--- SUPPLIED RECORDS ---
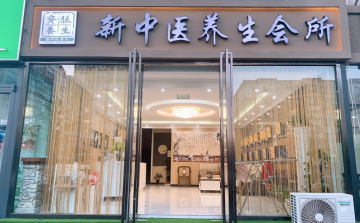 加盟齐脉亚健康调理馆要多少钱？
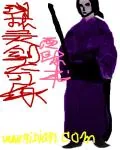 《武林灵剑奇缘》小说封面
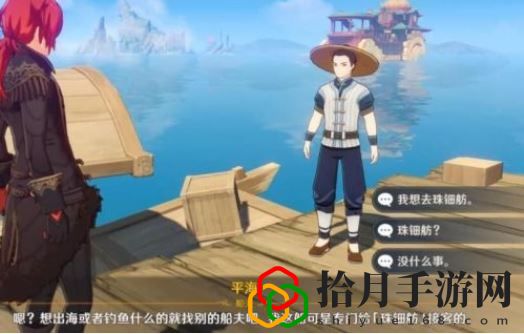 原神手游珠钿舫船夫在哪里？珠钿舫船夫位置详解
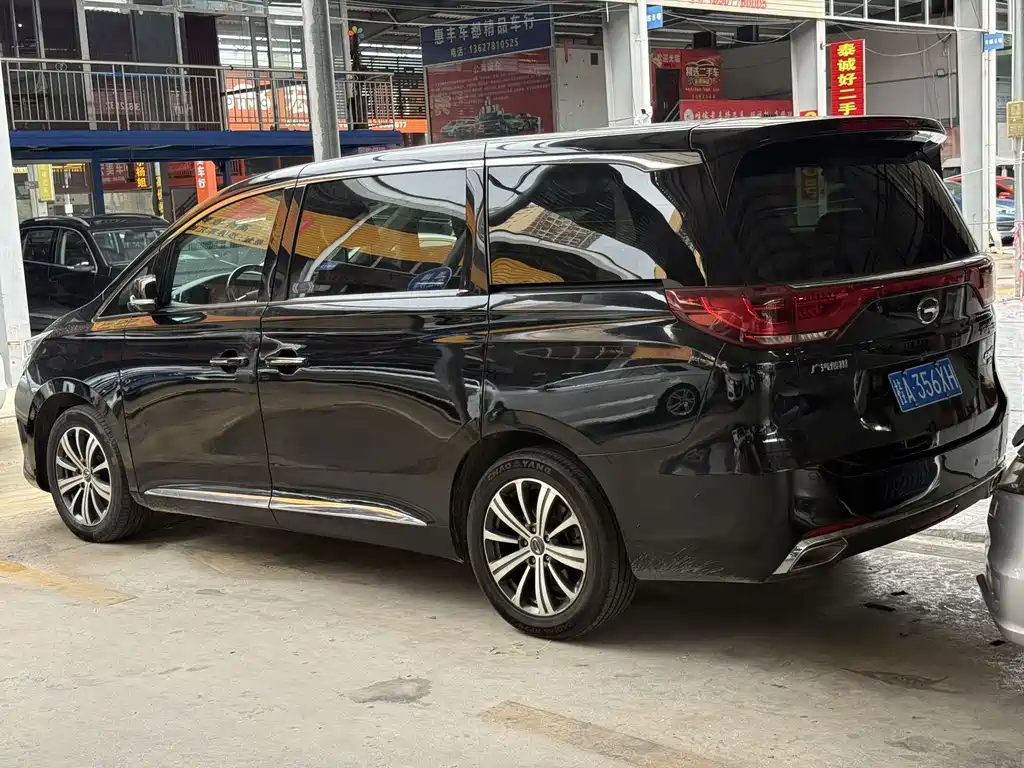 GAC Motor Trumpchi M8 — миниатюра 2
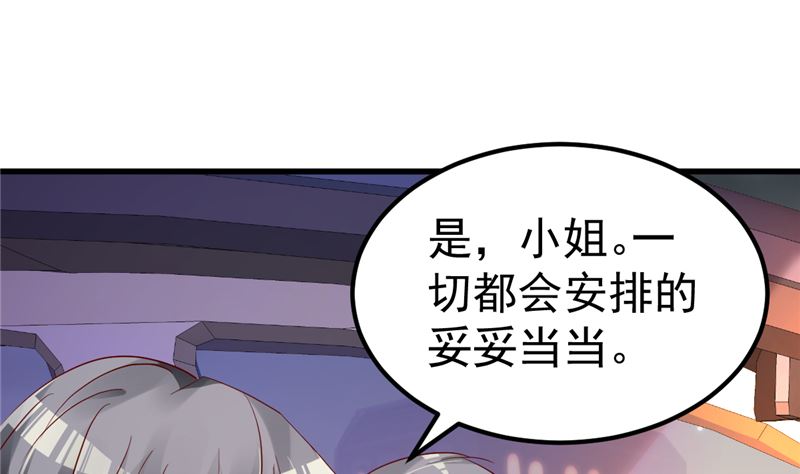 《重生丫头狠狠爱》第32话 你不会喜欢上她了？ 第4页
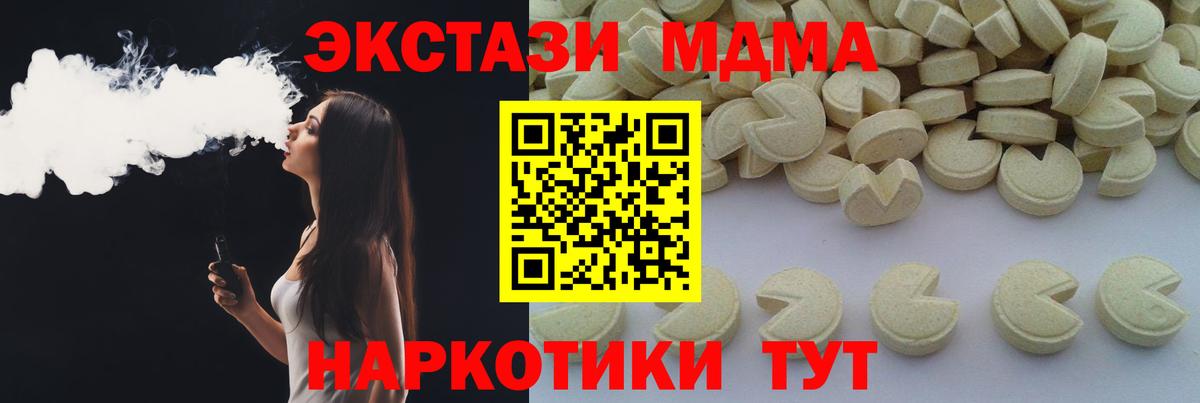 Кимры  MDMA Molly  MDMA Molly  Вход с VPN 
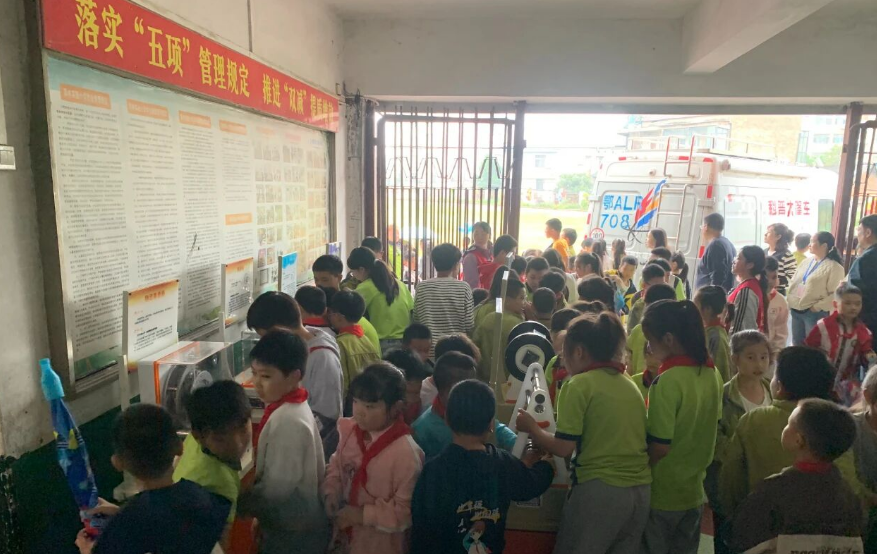 1760694053078070798.png 0.png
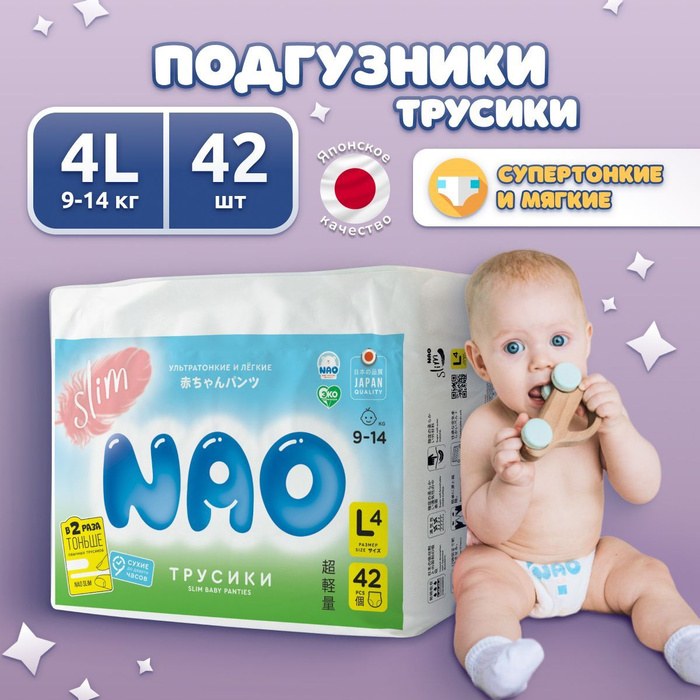 Подгузники nao. Mommy Baby подгузники логотип.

--- DIRECTIONS FOR THIS TASK ---
Write out the data again word for word, minus any images.

--- ANSWER SECTION ---
 加盟齐脉亚健康调理馆要多少钱？
 《武林灵剑奇缘》小说封面
 原神手游珠钿舫船夫在哪里？珠钿舫船夫位置详解
 GAC Motor Trumpchi M8 — миниатюра 2
 《重生丫头狠狠爱》第32话 你不会喜欢上她了？ 第4页
 Кимры  MDMA Molly  MDMA Molly  Вход с VPN 
 1760694053078070798.png 0.png
 Подгузники nao. Mommy Baby подгузники логотип.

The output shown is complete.